## Word2Vec from Scratch

We will be building a Word2Vec method
- What it is? It helps create the vector representation of a given word, called word embeddings.
- Why is it useful? The vectors we create will aim to capture semantic meanings and their relationships with different words, so the famous example 'king' and 'queen' will end up in a similar vector space.
- It might feel like a FFNN, it is the same structure but an embedding model instead of a classification one, it learns word embeddings (semantics in words)

There's two ways to do it:
1. Continuous Bag of Words (CBOW) which tries to predict a word in the sentence, given its surrounding neighbour words.
eg: the quick brown _____ jumps over the lazy dog.
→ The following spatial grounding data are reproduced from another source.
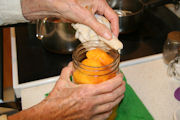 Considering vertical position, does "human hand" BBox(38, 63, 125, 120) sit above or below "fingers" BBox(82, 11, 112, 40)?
below

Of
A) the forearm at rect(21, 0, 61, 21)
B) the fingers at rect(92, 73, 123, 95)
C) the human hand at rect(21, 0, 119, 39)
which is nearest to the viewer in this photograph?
the fingers at rect(92, 73, 123, 95)

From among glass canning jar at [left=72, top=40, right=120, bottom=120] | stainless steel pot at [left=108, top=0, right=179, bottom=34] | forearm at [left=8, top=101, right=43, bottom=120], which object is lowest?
forearm at [left=8, top=101, right=43, bottom=120]

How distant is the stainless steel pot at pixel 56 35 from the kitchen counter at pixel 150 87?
18cm

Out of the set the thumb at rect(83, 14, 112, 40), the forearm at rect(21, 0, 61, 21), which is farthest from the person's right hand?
the forearm at rect(21, 0, 61, 21)

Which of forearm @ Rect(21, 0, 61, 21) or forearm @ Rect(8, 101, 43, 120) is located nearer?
forearm @ Rect(8, 101, 43, 120)

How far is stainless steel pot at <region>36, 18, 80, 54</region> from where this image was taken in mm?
830

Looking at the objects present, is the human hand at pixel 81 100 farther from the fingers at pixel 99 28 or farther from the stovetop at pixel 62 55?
the stovetop at pixel 62 55

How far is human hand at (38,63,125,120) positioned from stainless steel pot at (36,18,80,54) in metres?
0.35

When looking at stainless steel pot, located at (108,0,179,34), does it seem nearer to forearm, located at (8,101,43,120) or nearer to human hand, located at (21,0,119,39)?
human hand, located at (21,0,119,39)

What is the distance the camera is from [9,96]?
908 millimetres

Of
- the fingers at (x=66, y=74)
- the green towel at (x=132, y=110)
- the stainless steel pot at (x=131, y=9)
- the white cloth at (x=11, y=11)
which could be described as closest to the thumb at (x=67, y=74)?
the fingers at (x=66, y=74)

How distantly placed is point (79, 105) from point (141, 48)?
0.57 metres

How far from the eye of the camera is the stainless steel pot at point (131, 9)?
945 mm

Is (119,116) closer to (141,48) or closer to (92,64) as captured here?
(92,64) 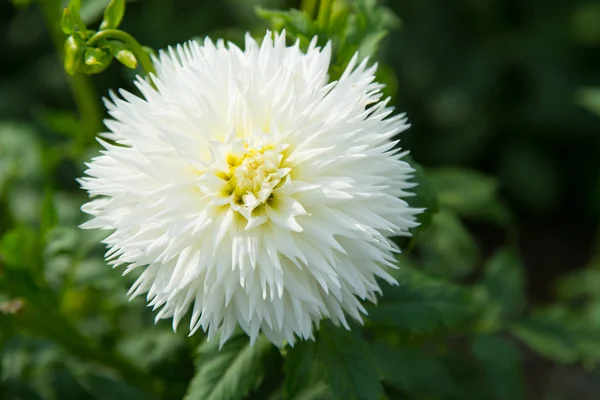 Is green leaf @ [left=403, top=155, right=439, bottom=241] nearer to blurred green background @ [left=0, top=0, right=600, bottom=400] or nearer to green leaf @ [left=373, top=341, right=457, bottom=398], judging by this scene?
green leaf @ [left=373, top=341, right=457, bottom=398]

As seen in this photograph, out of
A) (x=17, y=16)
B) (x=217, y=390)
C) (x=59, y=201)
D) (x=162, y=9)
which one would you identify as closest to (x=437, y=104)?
(x=162, y=9)

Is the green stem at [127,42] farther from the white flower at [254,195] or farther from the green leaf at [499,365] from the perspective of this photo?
the green leaf at [499,365]

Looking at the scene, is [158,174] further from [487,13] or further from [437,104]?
[487,13]

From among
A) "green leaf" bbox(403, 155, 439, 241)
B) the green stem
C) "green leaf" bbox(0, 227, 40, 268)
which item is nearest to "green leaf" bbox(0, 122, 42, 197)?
"green leaf" bbox(0, 227, 40, 268)

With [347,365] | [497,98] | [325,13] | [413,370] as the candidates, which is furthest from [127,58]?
[497,98]

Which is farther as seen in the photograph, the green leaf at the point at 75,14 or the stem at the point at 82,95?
the stem at the point at 82,95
We can try to use our surrounding words of 'brown' and 'jumps' to try to predict the missing word 'fox'.

2. Skip Gram is the reverse, instead it will predict the neighbours of a given word. 
eg: the quick ______ fox ______ over the lazy dog.


## Step 1: setup the dataset

I'll go with the reddit text corpus today from Convokit. Its supposed stats are:

- Number of Utterances: 297132
- Number of Speakers: 119889
- Number of Conversations: 8286

We'll import the dataset then see what we're working with

In [1]:
from convokit import Corpus, download
corpus = Corpus(filename=download("reddit-corpus-small"))


TransformerDecoderModel requires ML dependencies. Run 'pip install convokit[llm]' to install them.


  from .autonotebook import tqdm as notebook_tqdm


TransformerEncoderModel requires ML dependencies. Run 'pip install convokit[llm]' to install them.
UnslothUtteranceSimulatorModel requires ML dependencies. Run 'pip install convokit[llm]' to install them.
Dataset already exists at C:\Users\Eunha\.convokit\saved-corpora\reddit-corpus-small


In [30]:
from itertools import islice
from typing import Dict, List, Sequence, Tuple
MAX_UTTERANCES = 10000
chosen_utts = [utt.text for utt in islice(corpus.iter_utterances(), MAX_UTTERANCES)]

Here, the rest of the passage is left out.